Proprio adesso che il berlusconismo sta lentamente finendo, perché si sta consumando l'esperienza umana, prima che politica, di Berlusconi, bisogna che soprattutto noi, la minoranza, quelli che non siamo mai stati berlusconiani, troviamo le parole per rivolgerci all'altra Italia. Le parole giuste non sono certamente quelle di Di Pietro o di Grillo o di chi vuole approfittare di questa fase per far crescere qualche piccola rendita personale. Vendola ha saputo usare parole giuste.

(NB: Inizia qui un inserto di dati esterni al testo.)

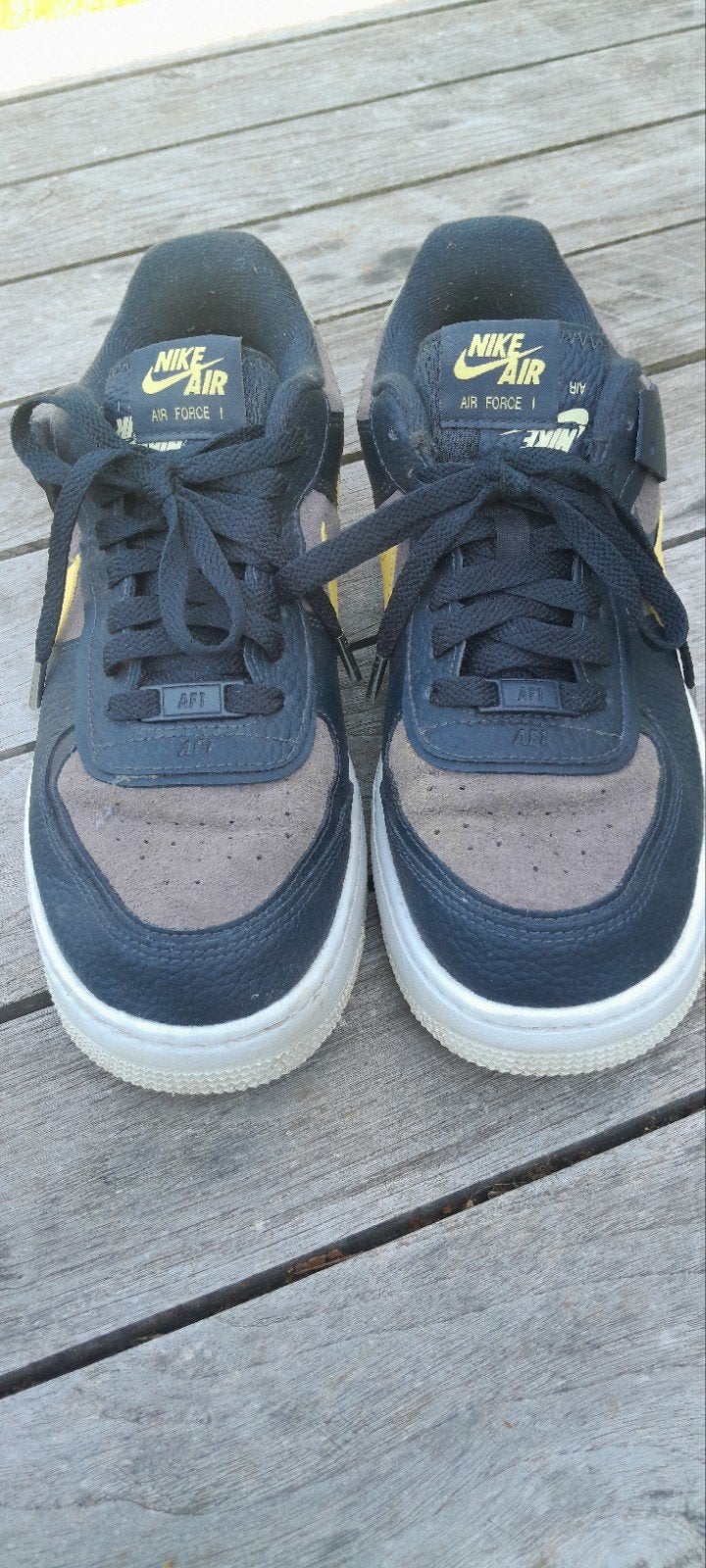 Nike Air Force 1 Shadow sneakers - Maat 41, Blauw, Nike, Ophalen of Verzenden, Sneakers of Gympen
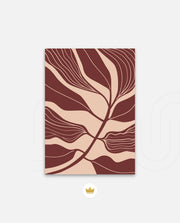 Burgundy Leaf Rhythm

Quando Berlusconi dice che è meglio andare a puttane che essere gay, dice una cosa che è considerata giusta e sacrosanta da moltissime persone, donne e uomini, che non avrebbero mai il coraggio di dirlo in pubblico; per queste persone sentire questa affermazione da Berlusconi, in televisione, è quasi una rivalsa contro il politicamente corretto, contro l'ipocrisia, contro un certo perbenismo. Per reagire a tutto questo sono controproducenti i toni profetici, gli alti appelli morali, le manifestazioni con baci in pubblico e così via; è probabilmente più utile ricordare, come ha fatto Vendola, che queste affermazioni possono essere una ferita per qualcuno che conosciamo, che amiamo e che non sappiamo sia omosessuale. E altri esempi potrebbero essere fatti.
Berlusconi non sarà sconfitto dalle invettive, Berlusconi si consumerà da solo, tra le adulazioni dei servi e le grida dei capipopolo. Poi un giorno questo regime finirà con la decisione di Berlusconi di lasciare - da un regime si esce senza traumi soltanto in questo modo - e ci sarà mezza Italia che cercherà di capire cosa fare; dovremo provare tutti a smettere di continuare a scavare il fossato e possibilmente dovremmo cominciare a renderlo un po' meno profondo. Poi finalmente potremmo perfino ricominciare a parlare di politica.